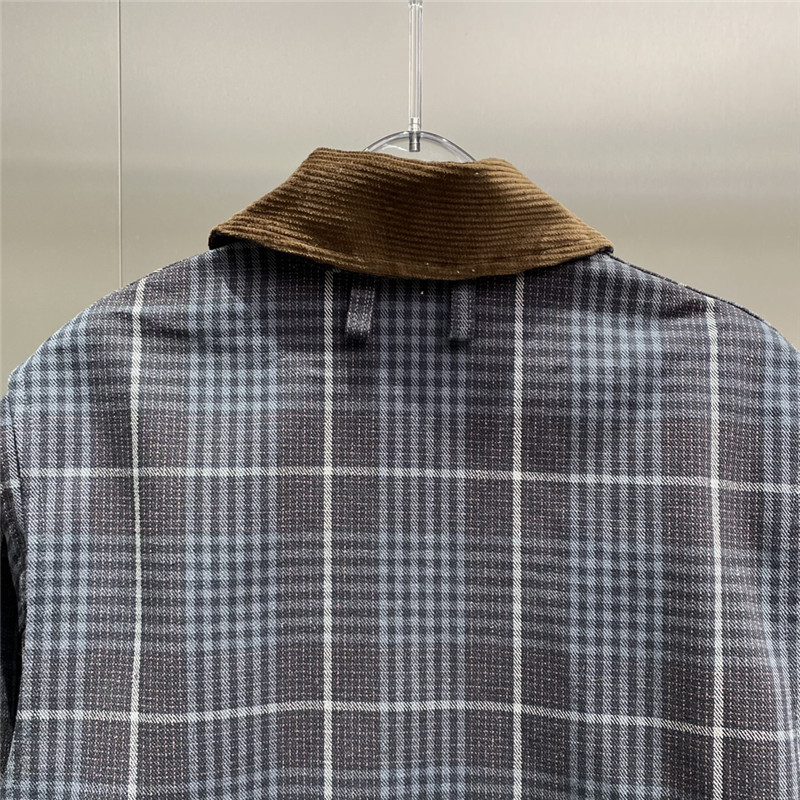 D10r plaid long lapel denim jacket
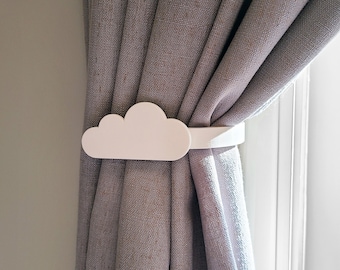 Cloud Shape Curtain Holdbacks/Tiebacks 3D Printed Plastic (Set of 2)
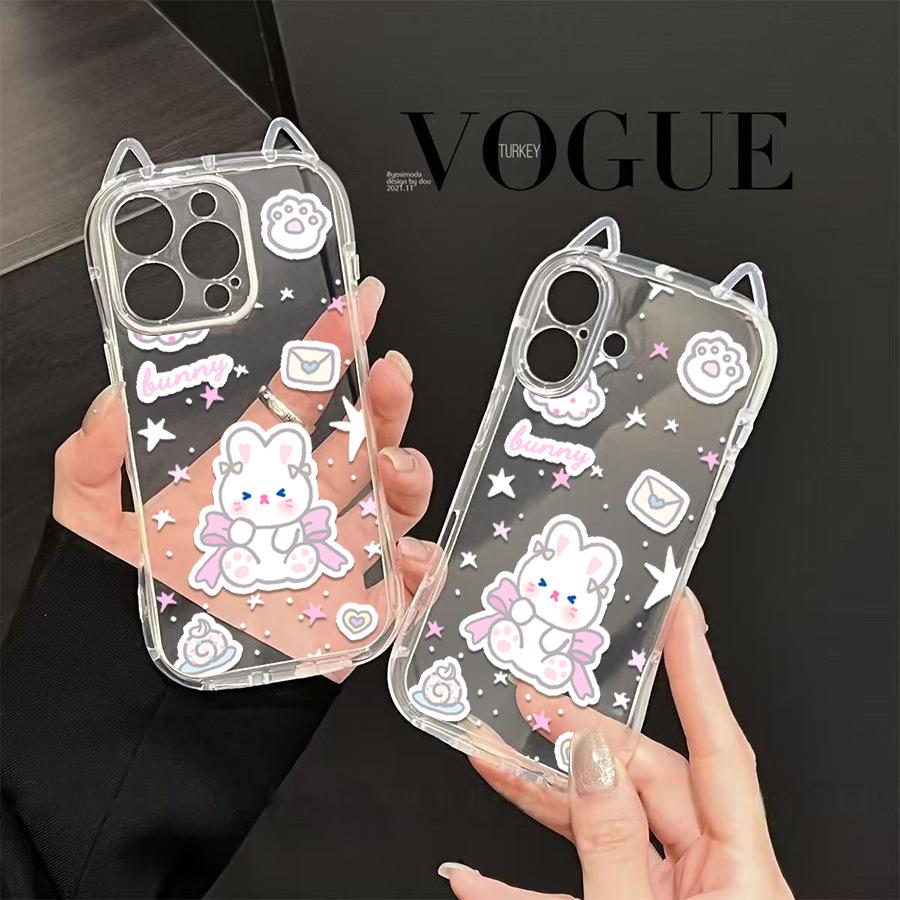 Sanrio Cat Ear Apple Phone Case - Compatible with New 16/17 Models iPhone 13 Pro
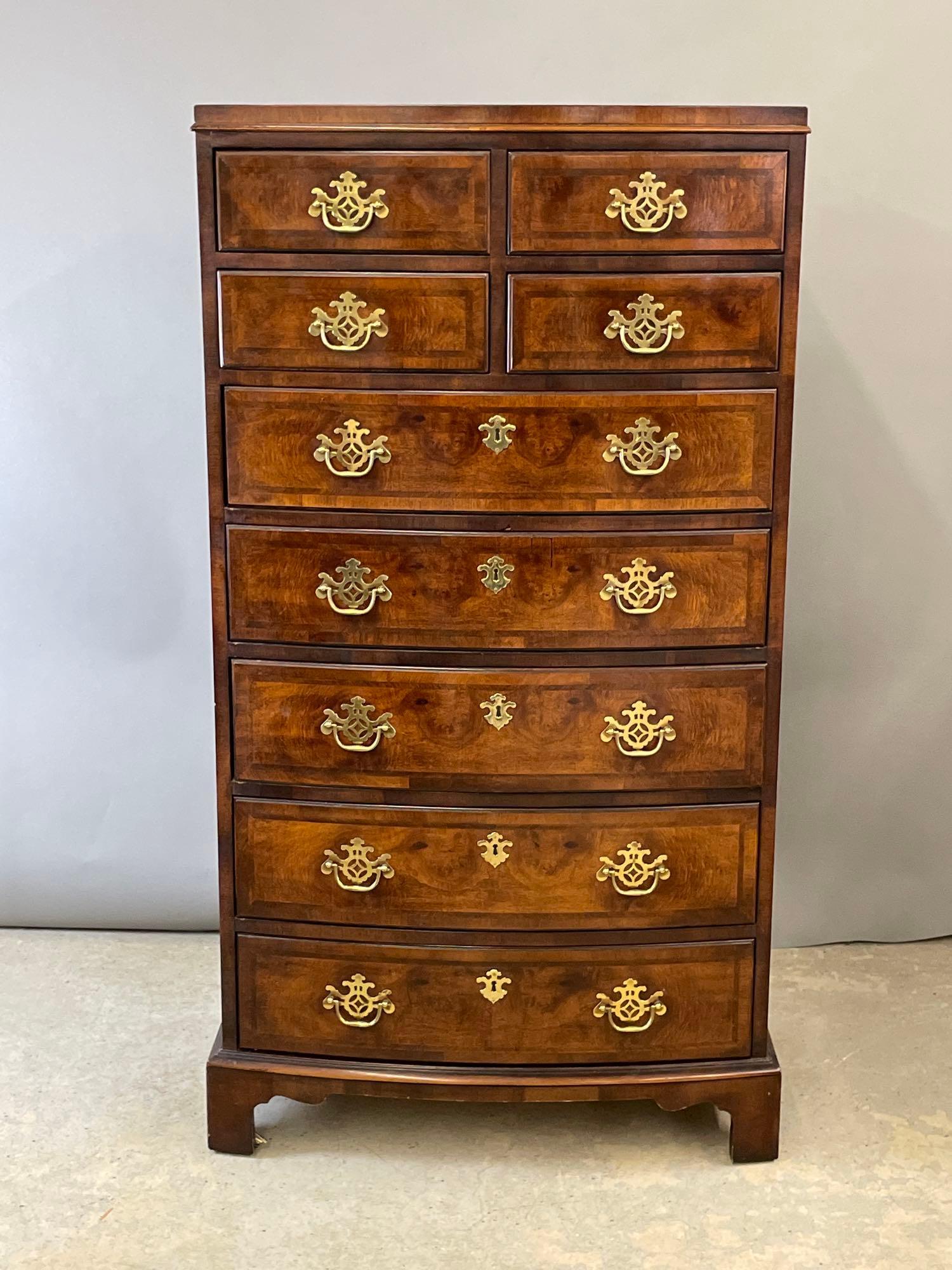 Henredon Aston Court Mahogany Lingerie Chest: A Henredon Aston Court banded mahogany lingerie chest. 56in tall x 30in wide x 19in deep.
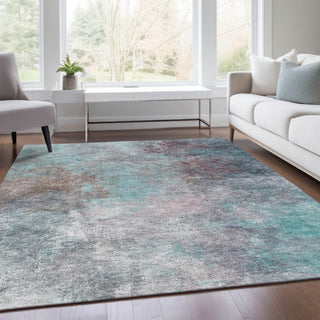 Piper Looms Chantille Abstract ACN1999 Teal Machine Washable Area Rug Lifestyle Image Feature
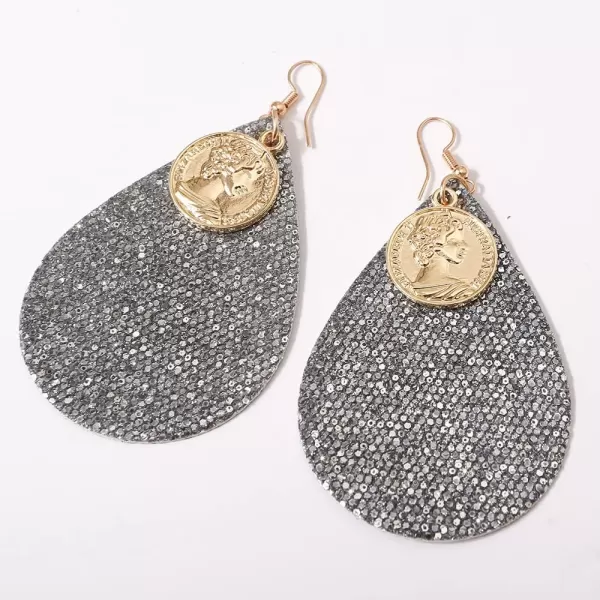 Sequins Leather Teardrop Dangle Earrings for Women Girls Gold Round Queen Coin Big Faux WaterDrop Leathery Statement Drop Hook Dangling Stud Boho Retro Lightweight Jewelry Gifts GreySequins Leather Teardrop Dangle Earrings for Women Girls Gold Round Queen Coin Big Faux WaterDrop Leathery Statement Drop Hook Dangling Stud Boho Retro Lightweight Jewelry Gifts Grey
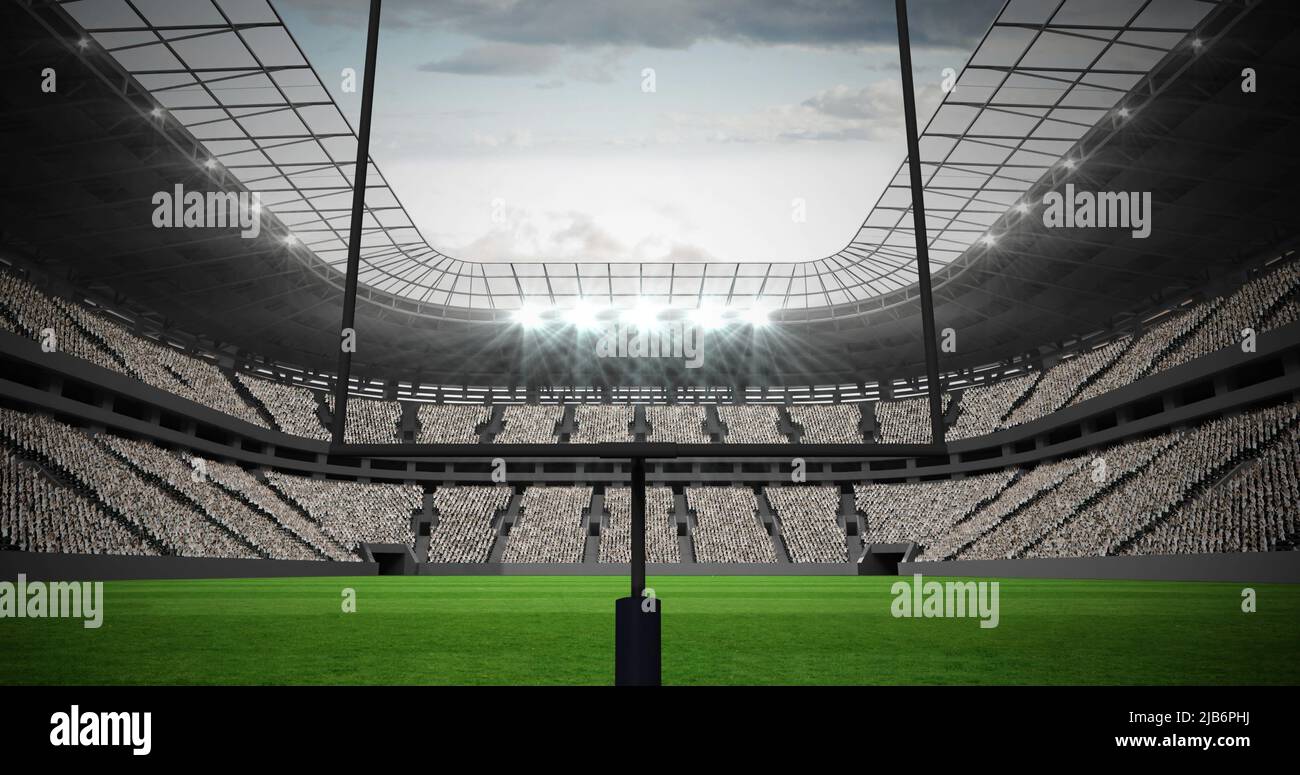 Image of american football goalposts and pitch, with cloudy sky at sports stadium Stock Photo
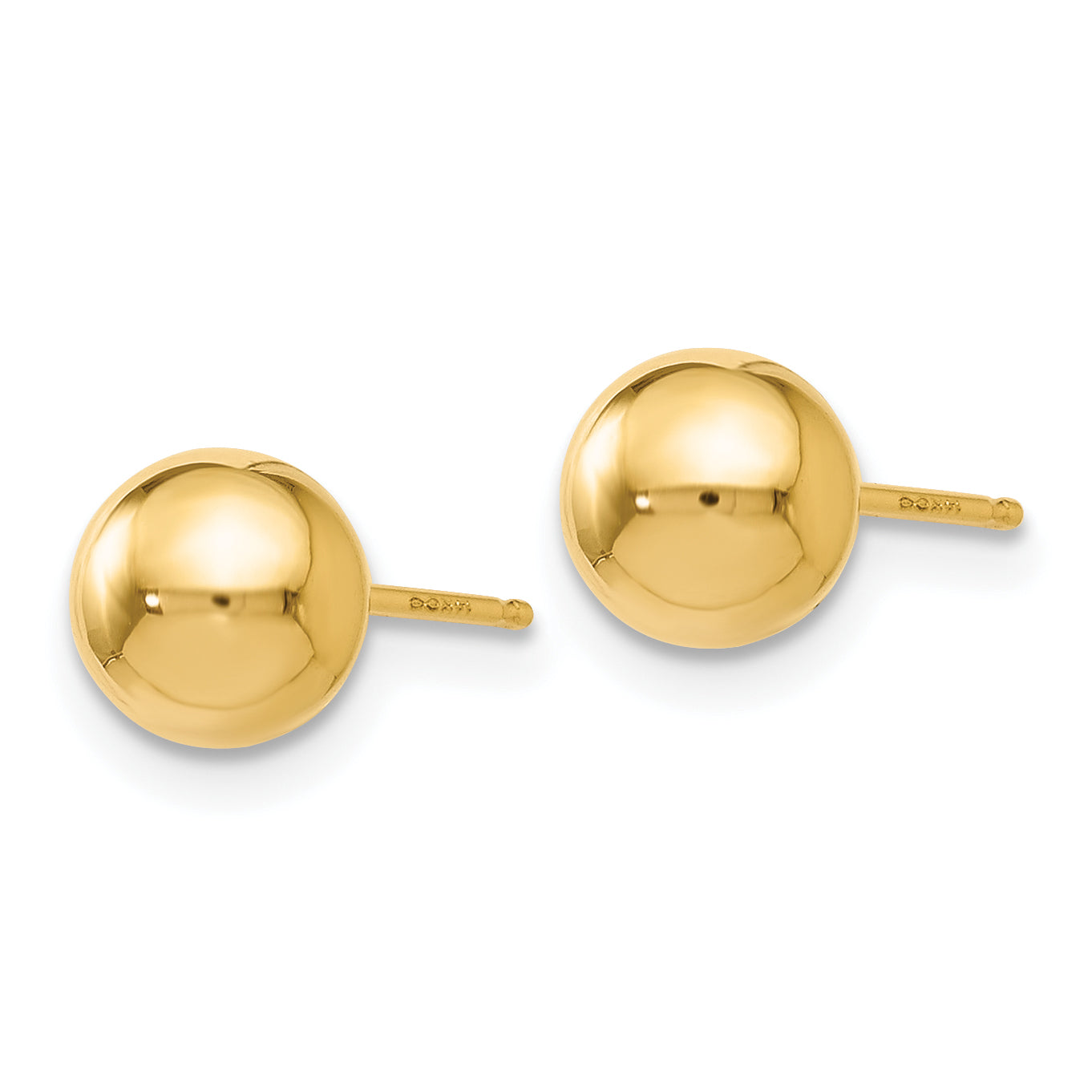 14K Gold Polished Ball Post Earrings 6mm Elegant Hollow Design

- - - - -

Print exactly the lines between the line containing "Image of american" and the last line of the entries above, including both, and nothing besides; skip the pictures.

## FINISHED EXERCISE
 Image of american football goalposts and pitch, with cloudy sky at sports stadium Stock Photo
 14K Gold Polished Ball Post Earrings 6mm Elegant Hollow Design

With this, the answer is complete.